La définition et l'évaluation de la qualité exigent la définition commune de normes au niveau institutionnel, inter-institutionnel, national, européen et international. Ces normes ne peuvent pas se contenter d'être descriptives, mais doivent aussi comporter des objectifs de réalisation mesurables. Plusieurs procédures peuvent également être mises en œuvre : l'évaluation, l'étalonnage, l'accréditation, etc. Ces procédures peuvent s'appliquer à des institutions tout entières, des composantes à l'intérieur d'une institution, des programmes d'études ou à des domaines particuliers tels que l'internationalisation ou l'utilisation des TIC.
Il va sans dire que les objectifs fixés pour une évaluation qualitative donnée doivent être compatibles avec la méthodologie adoptée, et que les facteurs de qualité et les critères de succès doivent être définis de façon à pouvoir communiquer des résultats parlants pour toutes les personnes intéressées. Pour avoir un sens, une évaluation de la qualité doit s'inscrire dans tout un processus d'amélioration qualitative. Les résultats doivent fournir aux responsables de ces processus au niveau d'une institution, des éléments permettant une progression significative, c'est à dire qu'ils doivent contribuer de façon constructive à ces processus et démontrer en même temps aux acteurs extérieurs à l'institution le niveau de qualité atteint dans un ou plusieurs domaines donnés.
La mise en place de l'Espace européen de l'enseignement supérieur et le développement de la coopération entre les universités, notamment à travers le transfert de crédits et les diplômes conjoints, fait que les établissements doivent être de plus en plus à même de démontrer leur attachement au critère qualité. Au cours de ces dernières années, bon nombre d'universités ont subi des évaluations qualitatives à différents niveaux et conditionnent de plus en plus la poursuite de leur coopération avec leurs universités partenaires au fait qu'elles se soumettent au même type d'évaluation.
L'association des universités européennes
Au niveau européen, plusieurs institutions et organismes abordent la question de la qualité dans l'enseignement supérieur[2] : c'est notamment le cas de l'Association des universités européennes (l'AUE)[3] et du Réseau européen pour l'assurance de la qualité dans l'enseignement supérieur (ENQA)[4] .
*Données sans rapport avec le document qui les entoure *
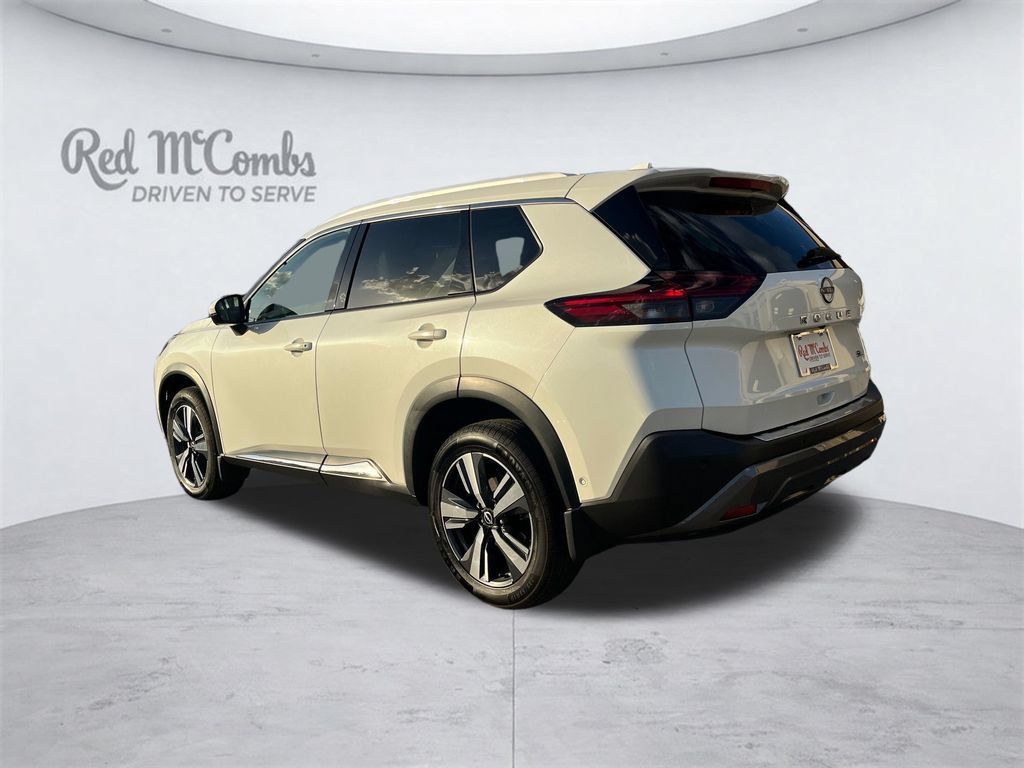 Used 2023 Nissan Rogue SL w/ SL Premium Package FWD image 4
Depuis 1999, l'AUE (le CRE jusqu'en 2001) gère le programme Internationalisation Quality Review (IQR) en partenariat avec le programme IMHE de l'OCDE, l'Association pour la coopération académique (ACA) et le Réseau international des organismes de promotion de la qualité en enseignement supérieur (RIOPQES/INQAAHE). Cette année l'AUE, avec le soutien financier de la Commission européenne, a lancé un important projet pilote dont le but est d'introduire et de développer une démarche d'assurance qualité dans les universités et ainsi de contribuer à l'accroissement de leur autonomie et de leur capacité à jouer un rôle au niveau européen et international.
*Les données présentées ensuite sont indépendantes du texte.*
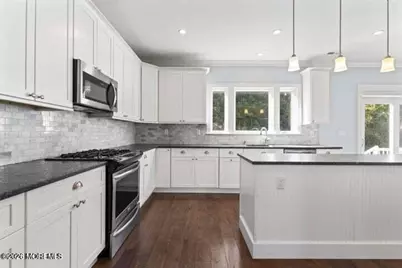 35 Shore Drive, Highlands, NJ 07732 - Photo 5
Les langues dans le processus de Bologne
Les langues jouent un rôle essentiel dans la mise en œuvre du processus de Bologne. Il est donc de la responsabilité des universités européennes de s'assurer que leurs cursus de langues ou cursus intégrant des enseignements de langues répondent aux exigences en matière de qualité et que les diplômés soient capables de répondre aux besoins linguistiques du marché du travail international. C'est pourquoi elles doivent proposer à leurs étudiants la possibilité de développer leur connaissance des langues et de leurs compétences en communication interculturelle tout en formant des experts de haut niveau dans le domaine des langues, et notamment des traducteurs et des interprètes.
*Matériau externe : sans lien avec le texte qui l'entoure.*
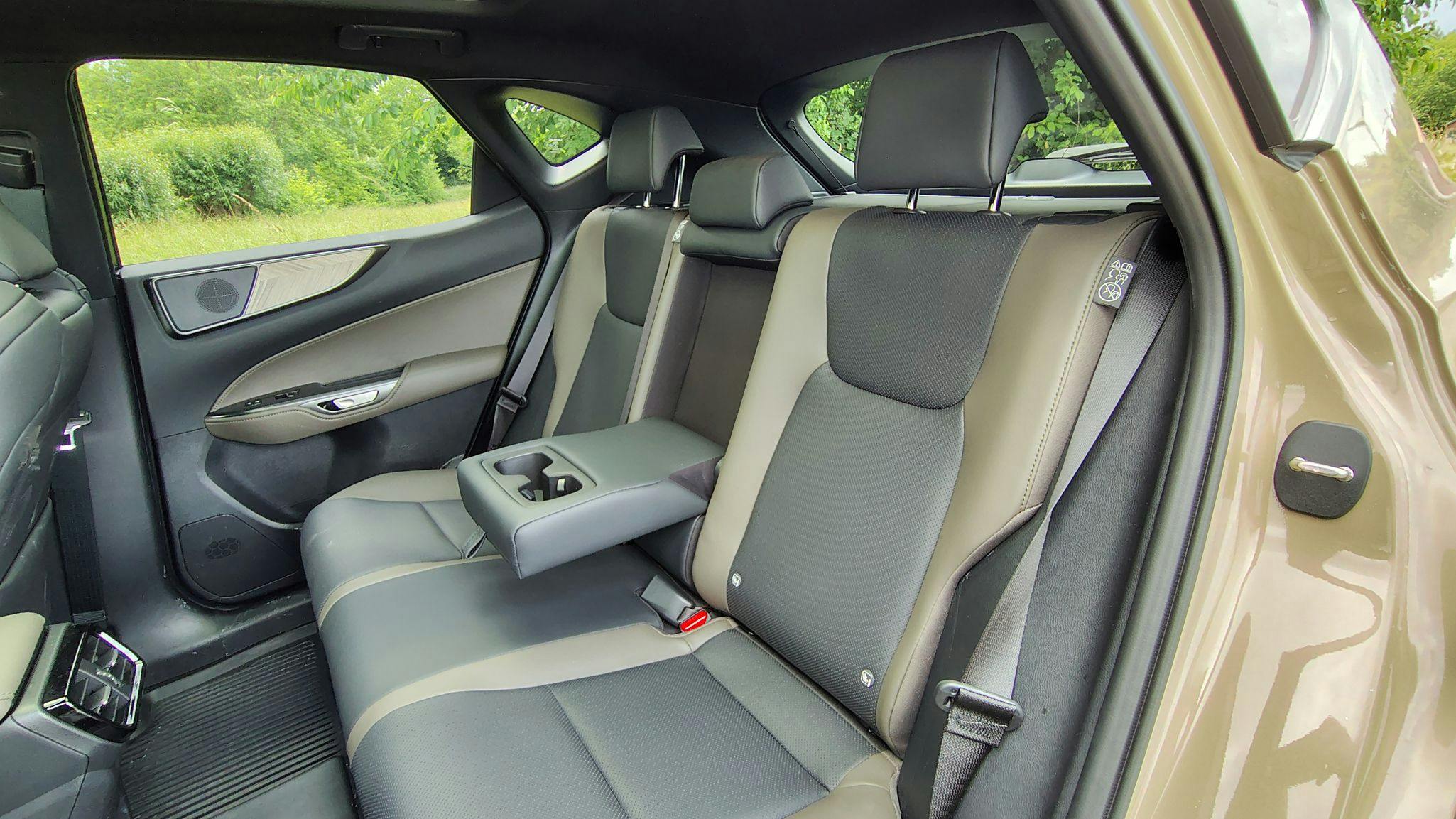 Lexus NX 450h+ Overtrail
Le Portfolio européen des langues a été conçu et développé par le Conseil de l'Europe. L'un des aspects les plus importants de ce portfolio est la systématisation des échelles de compétences linguistiques à travers le Cadre commun européen de référence pour les langues. Les descripteurs utilisés dans l'échelle générale d'évaluation et les grilles d'auto-évaluation permettent non seulement aux enseignants et aux apprenants d'évaluer les niveaux atteints dans les différentes compétences linguistiques, mais fournissent en même temps une base d'élaboration de normes communes utilisables dans l'évaluation de la qualité dans le domaine de la formation en langues.[5]
La déclaration de Berlin
Le Conseil européen des langues a pris un certain nombre d'initiatives dans le domaine de l'évaluation et de l'amélioration de la qualité. Comme le savent les lecteurs du présent Bulletin, le CEL a organisé, en coopération avec la Freie Universität Berlin, l'un des principaux événements de l'Année européenne des langues 2001, à savoir la 3ème Conférence du CEL sur le Multilinguisme et les nouveaux environnements pédagogiques. La Conférence a notamment produit la Déclaration de Berlin[6] , qui appelle tous les acteurs du processus de Bologne, et notamment les universités, à coopérer pour développer les connaissances et les compétences multilingues et interculturelles en préalable à la création de l'Espace européen de l'enseignement supérieur. La Déclaration insiste particulièrement sur la nécessité d'améliorer la qualité :
L'enseignement et l'apprentissage des langues dans l'enseignement supérieur nécessitent la définition d'objectifs précis en matière d'utilisation des langues étrangères. Les objectifs doivent être ceux du Cadre commun de référence pour les langues du Conseil de l'Europe. Tout cursus ou module de langues doit comporter une évaluation de niveau et l'attribution de crédits, dans le but d'assurer la transparence et de favoriser les comparaisons entre les établissements et faciliter le transfert de crédits. Une telle évaluation permet d'accroître la motivation des apprenants et de fournir des informations fiables aux acteurs non universitaires, et notamment aux futurs employeurs.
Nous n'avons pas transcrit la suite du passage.